**Requirement**
Transcribe the full listing without changing a word, and omit its pictures.

**The data**
--*--
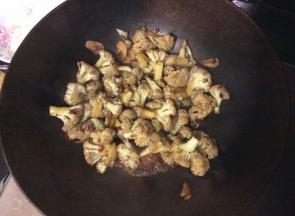 炒熟后加盐调味，炒匀出锅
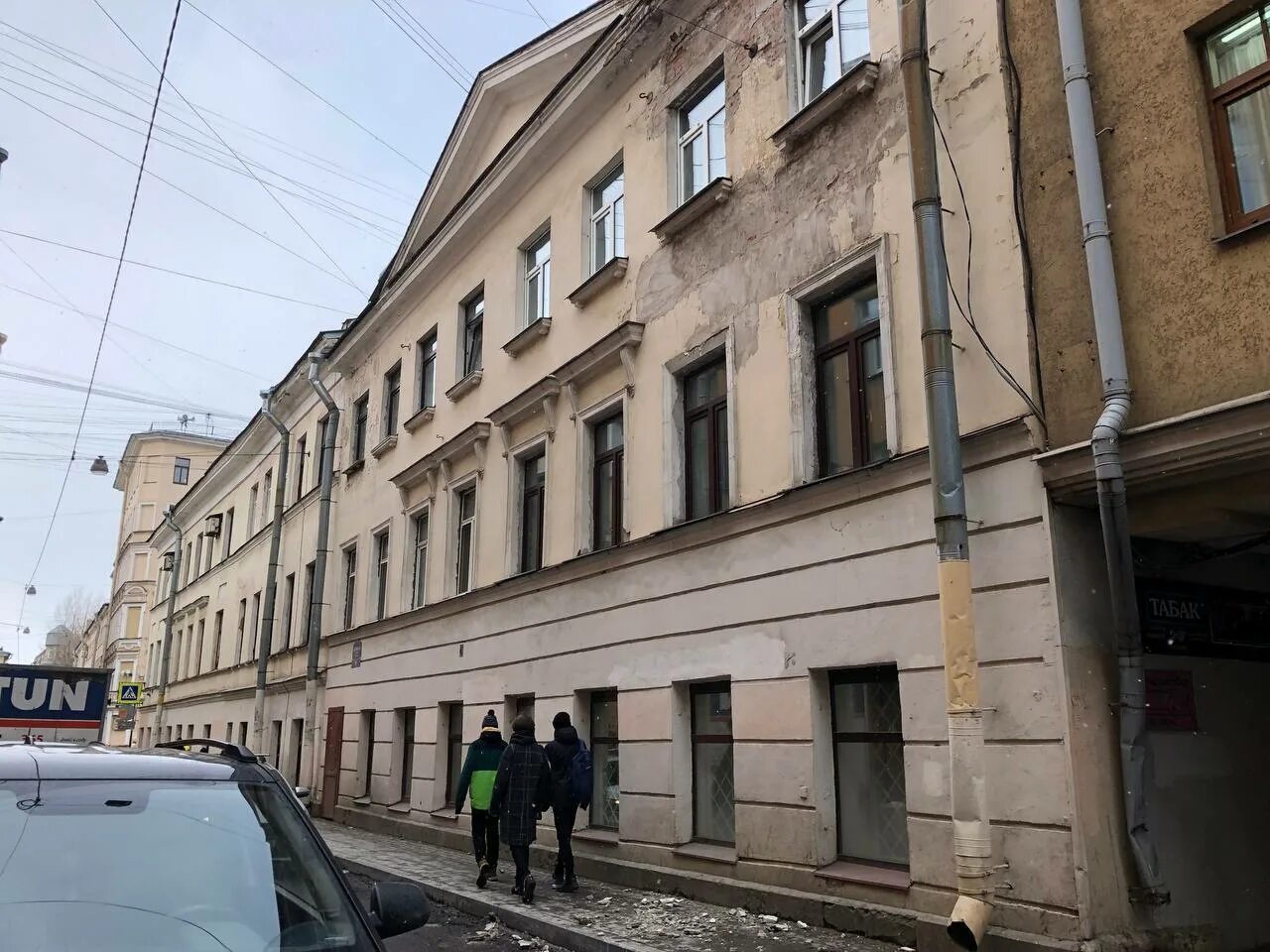 В питере упал дом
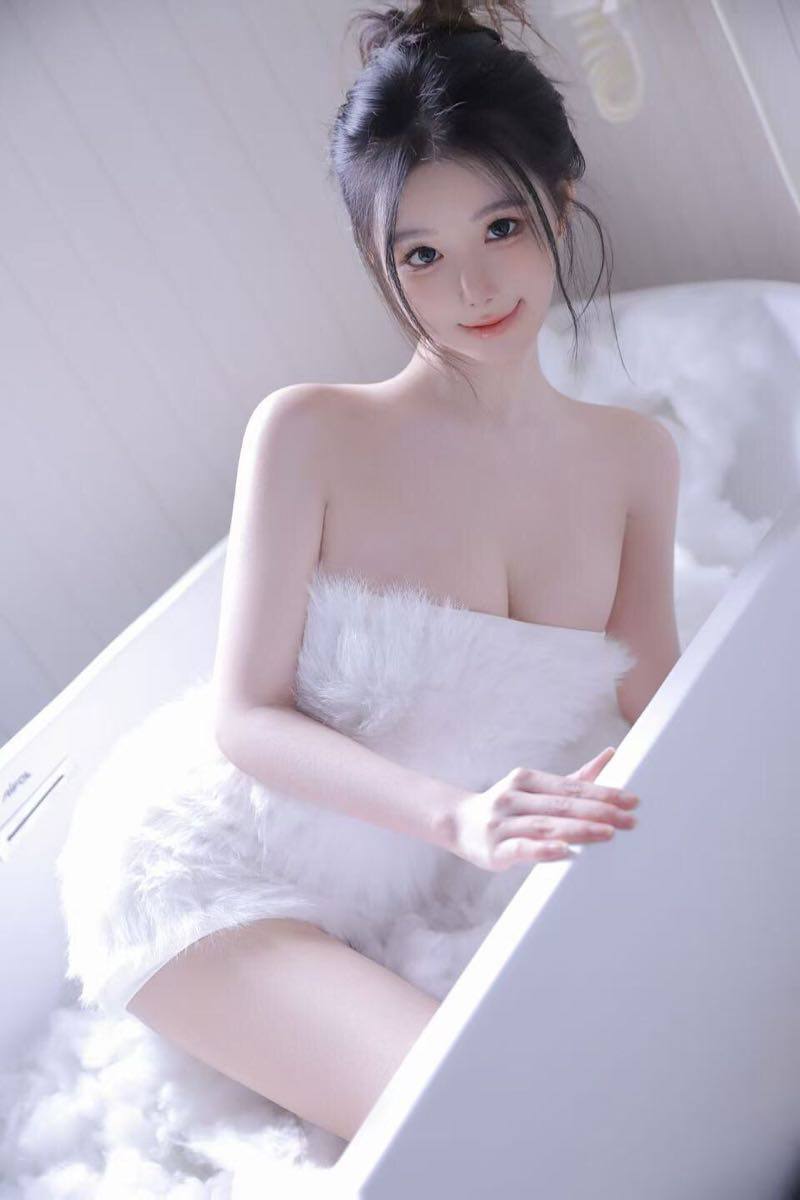 上海外围-大二在读童颜巨乳-生活照-4.jpg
--*--
**Result**
 炒熟后加盐调味，炒匀出锅
 В питере упал дом
 上海外围-大二在读童颜巨乳-生活照-4.jpg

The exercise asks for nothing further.